Il caso di Charles Dexter Ward di H. P. Lovecraft recensione

Buongiorno lettori, siamo prossimi al weekend e finalmente quel caldo afoso ed appiccicoso ha deciso di lasciarci per dare spazio ad un'aria molto più fresca e rigenerante. 
Oggi dalle mie parti è una splendida giornata di sole, con un cielo blu e pulito, sembra di essere in primavera! 

Non vi ho ancora parlato di uno degli autori che amo di più, forse la mia preferenza assoluta.

In ogni caso H. P. Lovecraft è uno scrittore che adoro e di cui ho apprezzato da sempre oltre che le storie ma soprattutto lo stile. I suoi libri, tra racconti, saggi e romanzi, non sono per tutti. Nel senso è uno scrittore assolutamente horror ma che non si esaurisce semplicemente in questa banale definizione. La sua vita solitaria e distante da tutto il resto del mondo, lo ha reso l'icona di un'epoca e soprattutto di un genere di scrittura a cui grandi autore come Stephen King si sono ispirati. 
Oggi la disputa è ancora aperta su chi tra Lovecraft ed Edgar Allan Poe sia il vero padre della scrittura horror e fantastica. 
Quello che leggerete di seguito è semplicemente la mia opinione, riguardo una delle sue opere, il suo unico vero romanzo intitolato Il caso di Charles Dexter Ward, che inutile dirvi, esalta inesorabilmente la supremazia di Lovrecrat su chiunque tenti di offuscare la sua stella. 

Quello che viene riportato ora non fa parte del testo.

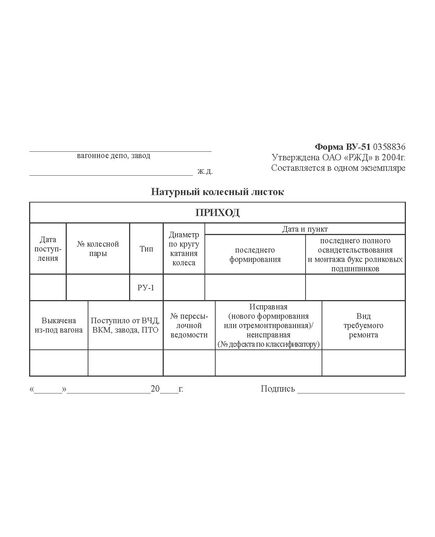 Форма ВУ-51. Натурный листок (А6, 80 гр., 1+1) - Автомобильный транспорт, Бланочная продукция (Путевые листы, личные карточки и т.д.) -  2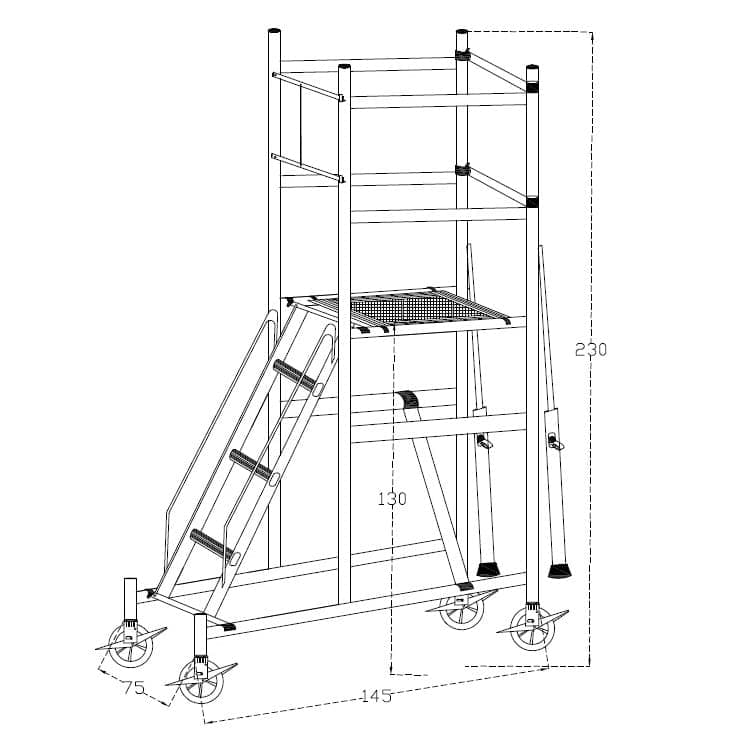 New Podium 1.3 m - Rungs Ladder – thumbnail 2
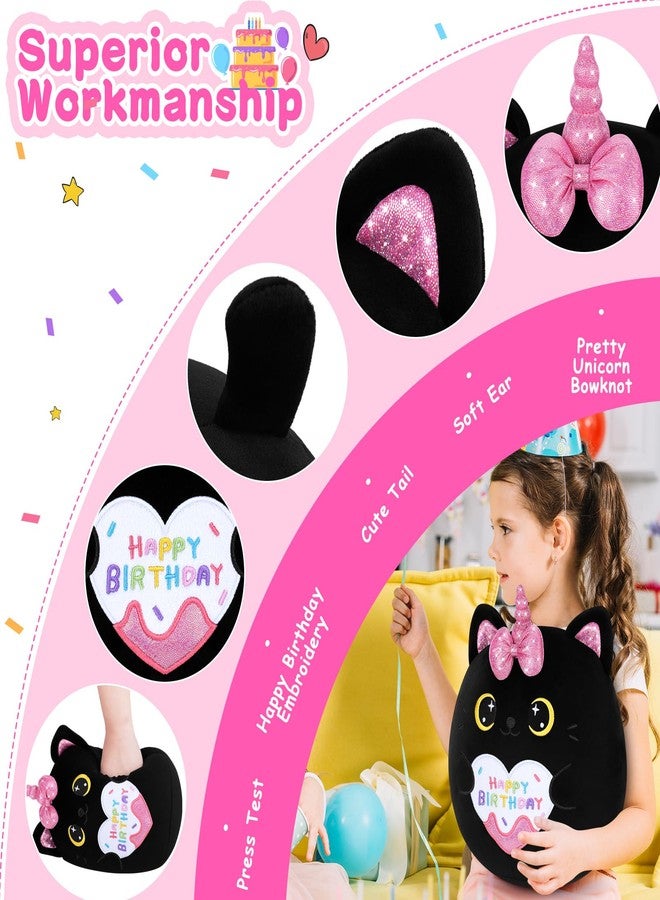 Auspicious beginning Happy Birthday Gift Black Unicorn Cat Plush Toys-11'' Black Cat Plushies Anime Plush-Kawaii Plushie Toy Stuffed Animals Cute Plushies, Black Unicorn Cat Plush Pillow Birthday Gifts for Kids - Image 3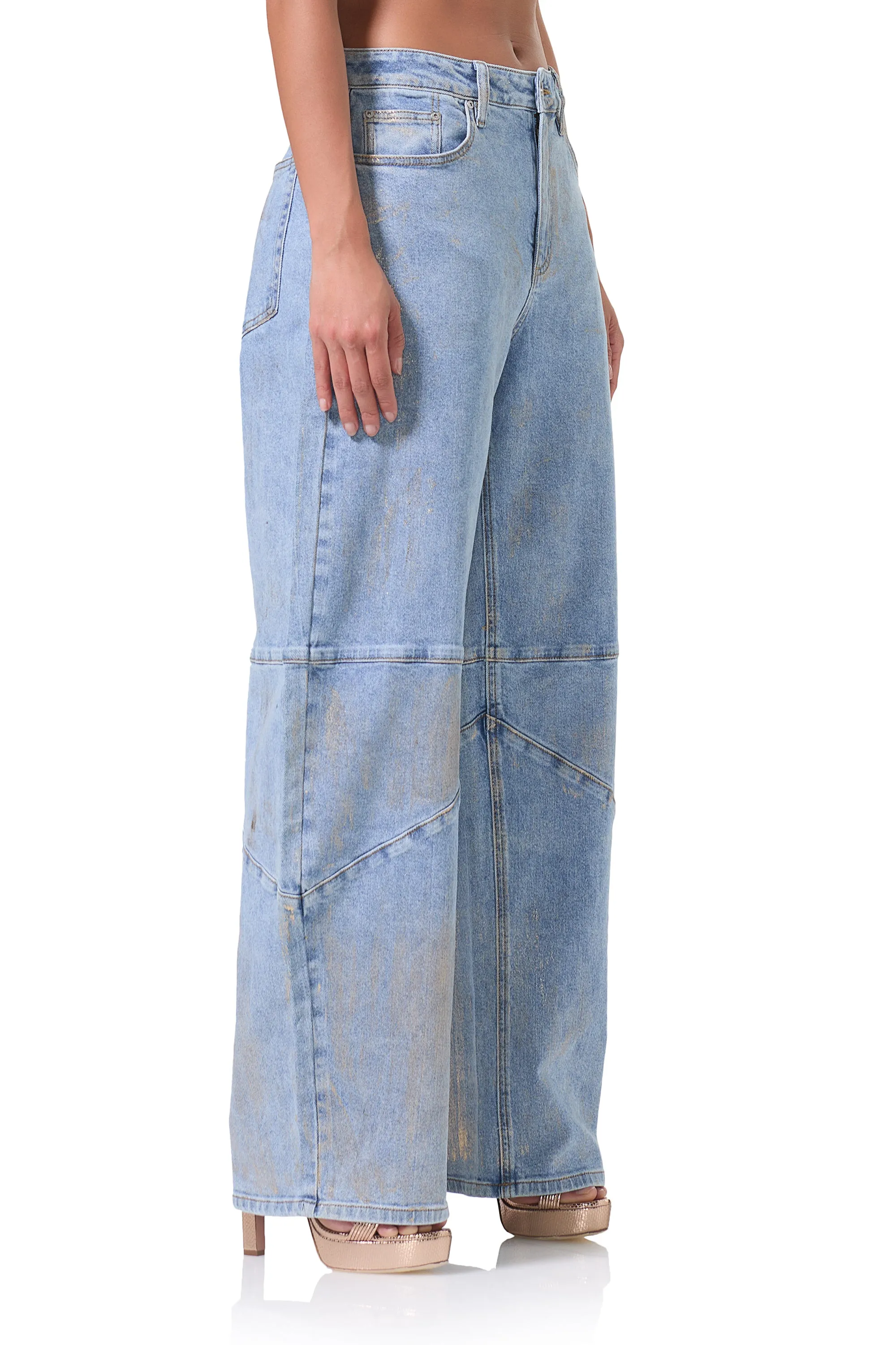 Ajax Barrel Jean - Gold Metallic sold by AFRM product image thumbnail 4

Un autore che visse nel dimenticatoio e nella povertà quando era vivo e che è diventato quello che è oggi, soltanto in seguito. Una storia comune a fin troppi geni della letteratura. 

Nella recensione che leggerete ho cercato di spiegare il mio punto di vista e di raccontare i motivi per i quali Lovecraft è uno dei più grandi scrittori di tutti i tempi. Ho raccontato la sua ideologia, il suo stile, le sue visioni terribili ma così affascinanti. La sua forza e il suo genio. Spero, che alla fine della lettura, un po' di quell'amore sia giunto anche a voi.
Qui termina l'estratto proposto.